╔══

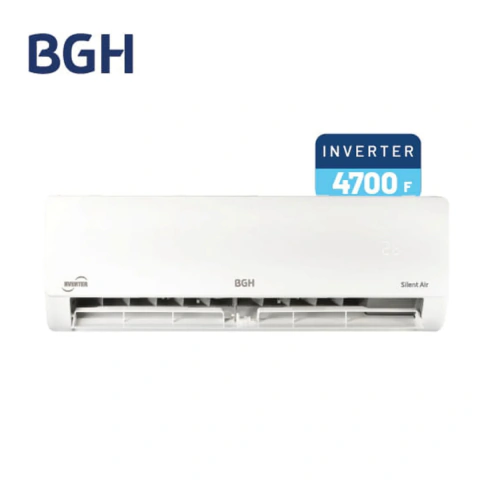 Aire Acond Split BGH 5500W FC Inverter BSIC55WC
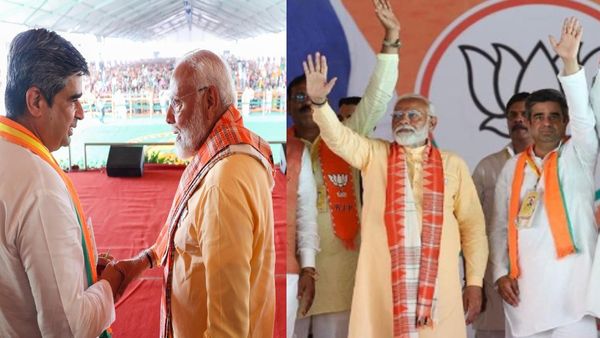 अयोध्या की तरह इस सीट ने भी दिया BJP को दर्द! राम मंदिर निर्माण में योगदान देने वाले शख्स का बेटा भी हारा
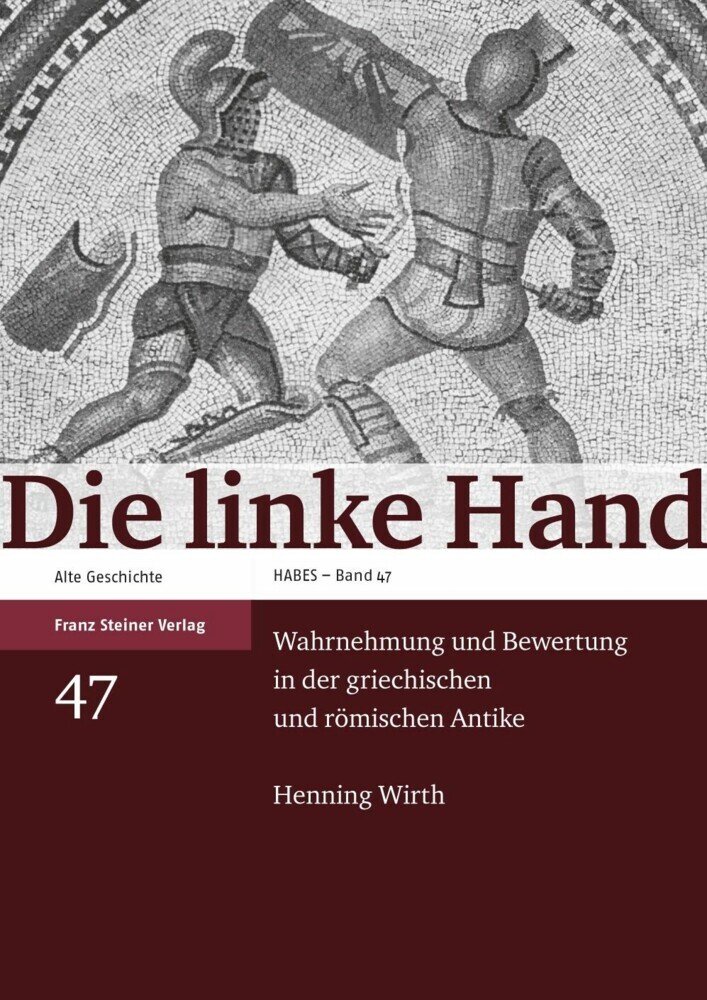 Die linke Hand main product photo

╚══

Restate the listing word for word, pictures omitted.

 Aire Acond Split BGH 5500W FC Inverter BSIC55WC
 अयोध्या की तरह इस सीट ने भी दिया BJP को दर्द! राम मंदिर निर्माण में योगदान देने वाले शख्स का बेटा भी हारा
 Die linke Hand main product photo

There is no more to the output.